Several large American grain companies are in the process of enlarging their railroad track fall protection coverage to accommodate updated corporate-wide fall protection policies. These new policies mandate that no employee may ascend railcars unless they have adequate fall protection. I think I can speak for everyone in the safety industry when I say that we applaud their commitment to safety, and not just because it means more business for the fall protection equipment manufacturers, but primarily because we too care about the safety of our citizens.

Until recently, most of the larger companies in the grain industry have followed policies established in a Compliance Directive written John Miles in October of 1996 (available on the OSHA website) which refers to Rolling Stock. Different companies have defined that directive to mean different things, and so far none of those differences have been resolved.

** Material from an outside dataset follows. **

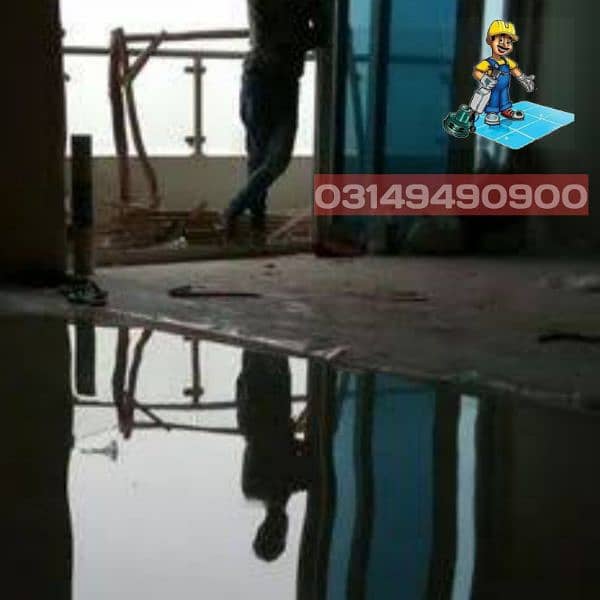 Marble/Chips/Tiles Cleaning Polishing Service Islamabad 10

The new fall protection standards expected in April 2008 may address those issues for the first time.
Some degree of confusion has arisen from the definition of the term “rolling stock”. To clarify rolling stock is defined by Webster’s Dictionary as “the wheeled vehicles owned and used by a railroad or motor carrier”. The term “motor carrier” has only recently been added to this definition; previously, it meant only railroad cars. So, we can safely assume that OSHA will be addressing both railroad cars and trailers. The John Miles Compliance Directive was an attempt to define the compliance enforcement guidelines for OSHA inspections, however it has caused a lot of confusion among legal professionals.

If the walkway on top of a railcar is not a walking/working surface, then what is it?

On the OSHA Grain Handling webpage, there is a statement that says “Suffocation and falls are the two leading causes of deaths at grain handling facilities”. If this sounds like it includes all falls, including those which occur from railcar tops, consider this: according to Sherman Williamson, a compliance official with the Directorate of Compliance and Enforcement of OSHA, “the tops of railroad cars are not currently considered by OSHA to be walking/working surfaces”. After almost fifteen years in this industry, I am certain that many of those fatal falls are from railcars. If the walkway on top of a railcar is not a walking/working surface, then what is it?

The current fall protection standard for general industry (Subpart D) does not specifically address fall hazards from the tops of rolling stock. In many people’s view, neither does the Miles Directive. On the one hand, OSHA says fall protection atop railcars is not mandatory, however, they also warn us that a company can and will be cited if someone falls from a railroad car and is injured or killed. Citations may be issued for fall protection violations under one of three reasons: 1910.132 (PPE Requirement); 1910.023 (Guarding floor and wall openings and holes); and the General Duty Clause 5(A)(1). Since the General Duty Clause 5(A)(1) is not an actual Regulation, 5(A)(1) citations are extremely difficult to enforce, and those are rarely used. Violations under 1910.132 and 1910.23 are the most common reasons for citations.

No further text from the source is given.